Monday 3 October 2011

US Secretary of Defence Leon Panetta talks to reporters on Air Force plane to Israel - 2 October 2011 Mr Panetta said he wants Israelis and Palestinians to return to peace negotiations
Israel is becoming increasingly isolated in the Middle East, US Defence Secretary Leon Panetta has warned.
He said Israel should restart peace talks with the Palestinians and restore good relations with Turkey and Egypt.
Mr Panetta spoke while travelling to the region for talks with Israeli and Palestinian leaders.
Diplomatic efforts have intensified recently to push the two sides back to peace talks that were abandoned last year.
Israel has agreed to participate in such talks, but the Palestinians want Israel to stop building more homes for settlers in the occupied territories.
Israel announced last week it planned to build 1,100 more homes in a settlement in occupied East Jerusalem
"It's pretty clear, at this dramatic time in the Middle East when there have been so many changes, that it is not a good situation for Israel to become increasingly isolated. And this is what has happened," Mr Panetta told journalists aboard a US Air Force plane en route to the Middle East.

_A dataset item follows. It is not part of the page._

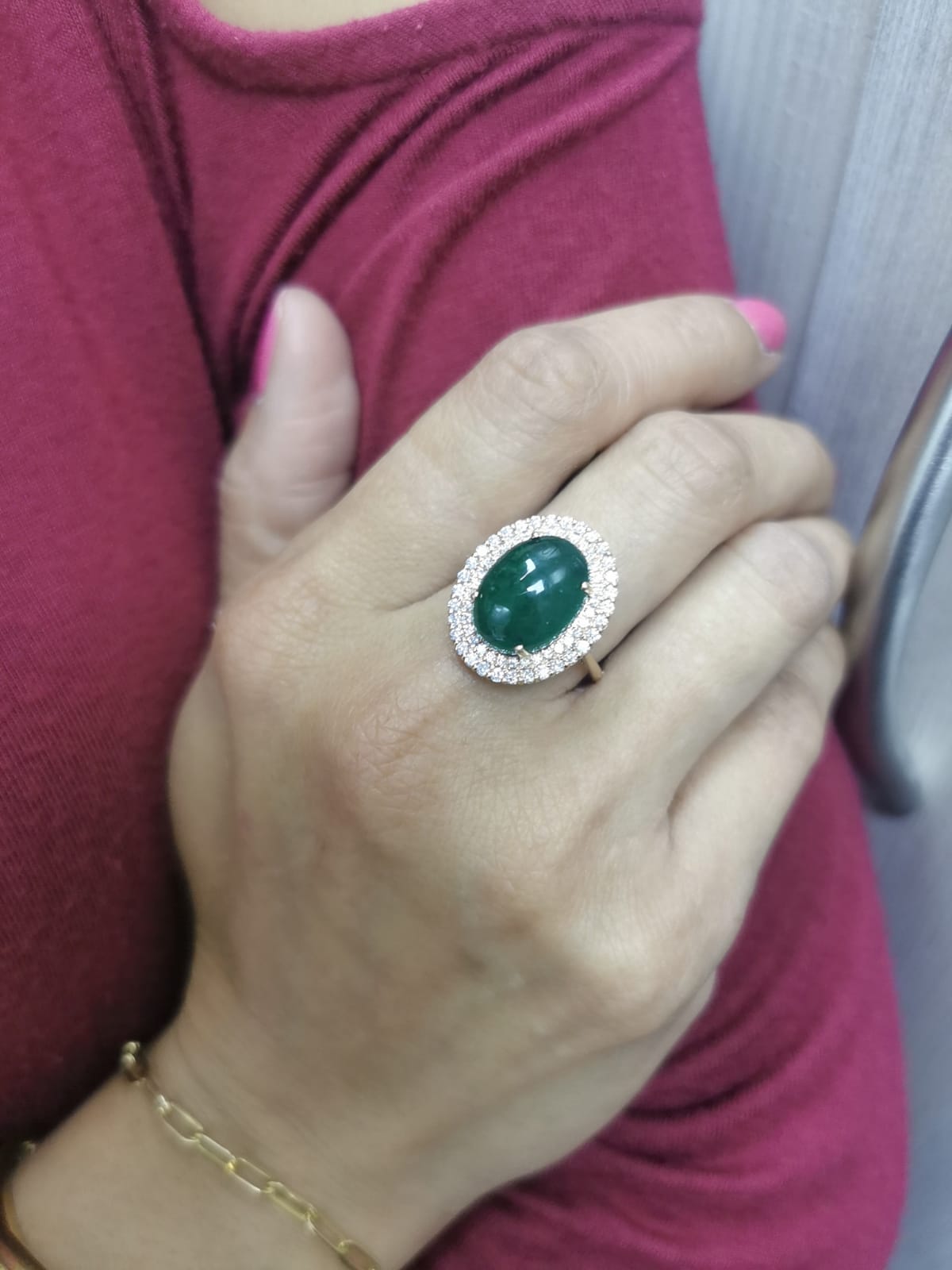 18K Yellow Gold Ring with 7.82 Carat Cabochon Emerald and Double Diamond Halo – Cocktail Style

He is due to have meetings with Israeli Prime Minister Benjamin Netanyahu and Defence Minister Ehud Barak.
Mr Panetta said the US would make sure Israel maintained its military superiority in the region, but should use this advantage to press for peace.
"As they take risks for peace, we will be able to provide the security that they will need in order to ensure that they can have the room hopefully to negotiate," he said.

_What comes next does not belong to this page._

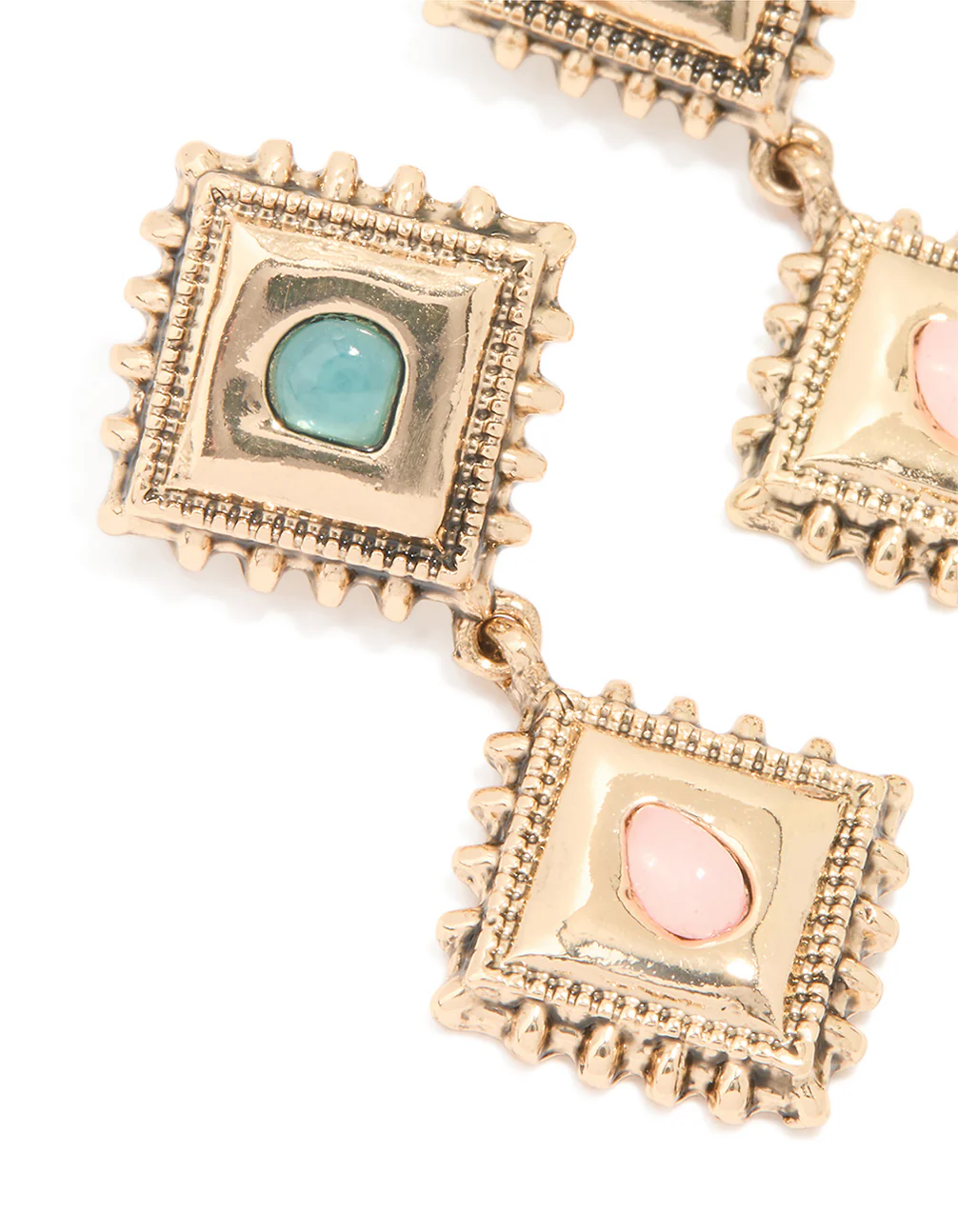 Antique Gold Pink & Blue Stone Square Layered Drop Earrings - Image 2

No 'slam-dunk' Mr Panetta is also due to meet with Palestinian Authority President Mahmoud Abbas and Prime Minister Salam Fayyad.
The US opposes the Palestinian bid for full membership of the United Nations. Washington has threatened to veto the move if it comes to a vote in the Security Council, saying negotiations should resume to a two-state solution.

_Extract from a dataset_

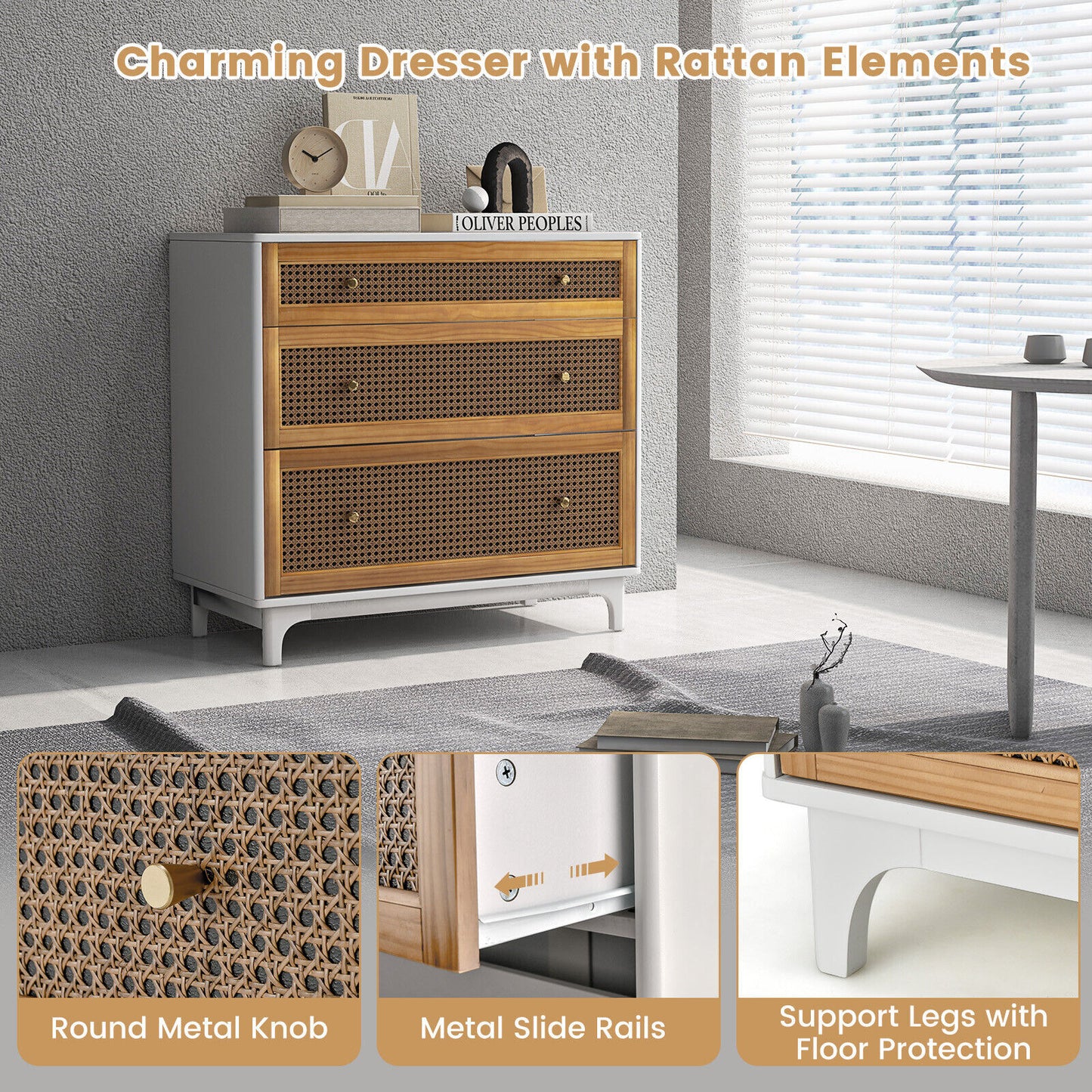 Giantex Modern 3-Drawer Dresser with Anti-toppling Device White & Brown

Mr Panetta said he would press the Palestinians to return to peace talks.
"The most important thing they can do is go to the negotiating table. You are not going to achieve Middle East peace by trying to slam-dunk it at the UN," he said.
Mr Abbas presented a formal request to the UN asking for membership of a Palestinian state in the West Bank, Gaza Strip and East Jerusalem, based on the 1967 borders.
Israel captured these Palestinian territories in the 1967 war and still occupies the West Bank and East Jerusalem.